## Exercise objective
Repeat exactly, please, the opening lines of the data below, through and including the line where "Appraisal: A collection" sits.

[Opening Record excerpts section]

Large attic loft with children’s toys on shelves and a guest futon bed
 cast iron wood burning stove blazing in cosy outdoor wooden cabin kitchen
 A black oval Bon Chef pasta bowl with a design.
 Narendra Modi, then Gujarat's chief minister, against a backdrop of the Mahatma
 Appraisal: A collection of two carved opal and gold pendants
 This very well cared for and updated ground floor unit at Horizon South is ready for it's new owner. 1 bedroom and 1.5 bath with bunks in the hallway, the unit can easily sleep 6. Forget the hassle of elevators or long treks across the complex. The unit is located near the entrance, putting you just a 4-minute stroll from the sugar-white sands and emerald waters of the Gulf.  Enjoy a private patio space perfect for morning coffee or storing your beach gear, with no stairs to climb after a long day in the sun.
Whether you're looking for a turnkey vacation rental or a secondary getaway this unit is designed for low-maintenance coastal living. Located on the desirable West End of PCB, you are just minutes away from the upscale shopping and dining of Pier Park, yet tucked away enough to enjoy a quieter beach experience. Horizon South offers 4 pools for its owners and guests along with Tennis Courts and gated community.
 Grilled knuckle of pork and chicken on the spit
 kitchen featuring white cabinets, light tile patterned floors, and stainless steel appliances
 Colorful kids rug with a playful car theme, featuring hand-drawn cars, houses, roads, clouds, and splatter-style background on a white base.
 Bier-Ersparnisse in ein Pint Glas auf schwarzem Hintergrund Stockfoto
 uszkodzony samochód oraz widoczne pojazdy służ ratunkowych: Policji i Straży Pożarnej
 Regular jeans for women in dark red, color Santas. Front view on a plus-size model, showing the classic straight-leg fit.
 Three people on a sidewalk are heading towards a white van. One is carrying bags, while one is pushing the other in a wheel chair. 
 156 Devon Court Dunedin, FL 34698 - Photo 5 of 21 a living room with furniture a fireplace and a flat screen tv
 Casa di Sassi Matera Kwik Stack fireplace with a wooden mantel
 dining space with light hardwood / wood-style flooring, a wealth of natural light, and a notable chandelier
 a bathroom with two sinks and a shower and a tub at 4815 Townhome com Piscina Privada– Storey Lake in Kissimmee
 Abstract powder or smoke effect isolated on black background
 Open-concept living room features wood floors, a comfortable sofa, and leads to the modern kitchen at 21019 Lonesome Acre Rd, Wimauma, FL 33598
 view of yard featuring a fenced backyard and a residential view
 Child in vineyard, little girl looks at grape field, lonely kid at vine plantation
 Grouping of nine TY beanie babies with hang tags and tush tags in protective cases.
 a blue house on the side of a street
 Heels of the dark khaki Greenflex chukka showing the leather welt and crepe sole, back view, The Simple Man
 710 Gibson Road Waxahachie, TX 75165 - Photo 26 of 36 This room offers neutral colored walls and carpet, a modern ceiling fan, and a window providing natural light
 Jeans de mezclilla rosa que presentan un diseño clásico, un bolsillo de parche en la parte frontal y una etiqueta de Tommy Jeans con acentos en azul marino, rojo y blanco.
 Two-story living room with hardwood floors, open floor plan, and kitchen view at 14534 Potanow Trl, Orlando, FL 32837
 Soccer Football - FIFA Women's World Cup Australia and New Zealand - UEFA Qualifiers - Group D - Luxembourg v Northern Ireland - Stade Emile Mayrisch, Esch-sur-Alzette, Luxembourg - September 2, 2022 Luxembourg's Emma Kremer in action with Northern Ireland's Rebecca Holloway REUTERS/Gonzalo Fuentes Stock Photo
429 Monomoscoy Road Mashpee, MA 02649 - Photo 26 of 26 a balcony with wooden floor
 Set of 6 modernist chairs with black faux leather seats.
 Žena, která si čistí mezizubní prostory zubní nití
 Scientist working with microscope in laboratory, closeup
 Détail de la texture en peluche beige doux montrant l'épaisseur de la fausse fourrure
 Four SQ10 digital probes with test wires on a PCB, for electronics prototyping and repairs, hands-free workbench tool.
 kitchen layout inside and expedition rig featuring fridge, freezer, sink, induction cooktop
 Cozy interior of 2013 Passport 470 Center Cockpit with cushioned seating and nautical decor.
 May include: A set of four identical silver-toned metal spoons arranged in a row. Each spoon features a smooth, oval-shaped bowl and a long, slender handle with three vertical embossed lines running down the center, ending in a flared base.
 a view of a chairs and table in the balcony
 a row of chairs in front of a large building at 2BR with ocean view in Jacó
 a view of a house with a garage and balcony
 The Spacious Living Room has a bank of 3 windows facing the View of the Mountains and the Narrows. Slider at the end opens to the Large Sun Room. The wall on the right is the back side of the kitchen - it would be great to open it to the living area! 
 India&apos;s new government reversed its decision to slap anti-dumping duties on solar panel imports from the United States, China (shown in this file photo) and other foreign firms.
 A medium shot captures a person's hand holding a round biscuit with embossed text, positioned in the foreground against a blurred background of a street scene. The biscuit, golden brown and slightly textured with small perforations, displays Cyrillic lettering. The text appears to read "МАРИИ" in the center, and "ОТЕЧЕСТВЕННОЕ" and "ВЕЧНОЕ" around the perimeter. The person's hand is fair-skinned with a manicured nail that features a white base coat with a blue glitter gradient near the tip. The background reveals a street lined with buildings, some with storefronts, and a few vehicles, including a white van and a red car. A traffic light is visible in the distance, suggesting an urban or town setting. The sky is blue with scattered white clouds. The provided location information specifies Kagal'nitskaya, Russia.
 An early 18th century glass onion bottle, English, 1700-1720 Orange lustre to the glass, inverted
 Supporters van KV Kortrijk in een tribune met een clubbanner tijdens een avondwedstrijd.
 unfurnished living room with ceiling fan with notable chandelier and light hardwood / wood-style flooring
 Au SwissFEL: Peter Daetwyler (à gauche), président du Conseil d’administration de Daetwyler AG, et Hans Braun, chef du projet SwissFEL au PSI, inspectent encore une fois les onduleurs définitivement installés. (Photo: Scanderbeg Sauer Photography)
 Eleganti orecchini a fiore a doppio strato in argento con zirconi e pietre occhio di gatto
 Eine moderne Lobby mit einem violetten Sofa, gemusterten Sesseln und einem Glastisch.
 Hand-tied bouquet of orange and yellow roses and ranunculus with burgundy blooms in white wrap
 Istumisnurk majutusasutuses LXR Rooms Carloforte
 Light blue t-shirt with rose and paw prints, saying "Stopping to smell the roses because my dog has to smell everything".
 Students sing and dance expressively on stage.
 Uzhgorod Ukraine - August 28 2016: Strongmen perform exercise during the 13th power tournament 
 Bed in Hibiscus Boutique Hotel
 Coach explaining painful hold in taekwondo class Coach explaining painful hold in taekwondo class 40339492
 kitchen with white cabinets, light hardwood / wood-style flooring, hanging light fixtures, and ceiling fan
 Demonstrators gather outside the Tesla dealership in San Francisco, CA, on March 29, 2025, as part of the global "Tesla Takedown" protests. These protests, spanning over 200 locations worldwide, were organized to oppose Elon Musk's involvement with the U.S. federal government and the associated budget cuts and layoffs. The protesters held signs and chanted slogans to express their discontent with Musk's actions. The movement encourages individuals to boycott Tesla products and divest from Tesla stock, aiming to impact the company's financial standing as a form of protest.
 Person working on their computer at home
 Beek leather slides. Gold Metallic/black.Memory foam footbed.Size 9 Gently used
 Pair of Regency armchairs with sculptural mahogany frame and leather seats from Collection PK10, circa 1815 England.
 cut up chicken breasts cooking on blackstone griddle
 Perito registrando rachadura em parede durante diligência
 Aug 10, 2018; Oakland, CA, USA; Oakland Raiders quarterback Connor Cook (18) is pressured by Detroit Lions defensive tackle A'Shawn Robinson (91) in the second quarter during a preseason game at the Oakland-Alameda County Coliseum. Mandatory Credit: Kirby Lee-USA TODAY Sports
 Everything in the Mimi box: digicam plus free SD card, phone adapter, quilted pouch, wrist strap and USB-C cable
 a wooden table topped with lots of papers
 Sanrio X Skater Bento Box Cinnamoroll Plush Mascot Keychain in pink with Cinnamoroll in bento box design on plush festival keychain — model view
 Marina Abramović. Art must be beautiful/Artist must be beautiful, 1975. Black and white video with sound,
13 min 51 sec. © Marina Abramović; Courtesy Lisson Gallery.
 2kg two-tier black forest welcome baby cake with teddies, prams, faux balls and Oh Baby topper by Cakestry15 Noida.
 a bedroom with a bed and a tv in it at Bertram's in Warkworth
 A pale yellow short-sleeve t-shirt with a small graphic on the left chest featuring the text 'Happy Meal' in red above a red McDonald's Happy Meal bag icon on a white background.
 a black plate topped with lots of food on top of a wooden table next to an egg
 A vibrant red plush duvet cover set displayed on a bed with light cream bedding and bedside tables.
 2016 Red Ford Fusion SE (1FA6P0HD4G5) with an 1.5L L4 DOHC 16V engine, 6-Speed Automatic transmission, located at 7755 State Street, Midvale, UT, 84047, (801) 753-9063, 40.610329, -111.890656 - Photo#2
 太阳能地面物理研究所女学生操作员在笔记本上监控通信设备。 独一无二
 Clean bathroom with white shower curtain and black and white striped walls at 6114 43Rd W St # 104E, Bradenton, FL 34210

[Closing Record excerpts section]

## Worked solution
Large attic loft with children’s toys on shelves and a guest futon bed
 cast iron wood burning stove blazing in cosy outdoor wooden cabin kitchen
 A black oval Bon Chef pasta bowl with a design.
 Narendra Modi, then Gujarat's chief minister, against a backdrop of the Mahatma
 Appraisal: A collection of two carved opal and gold pendants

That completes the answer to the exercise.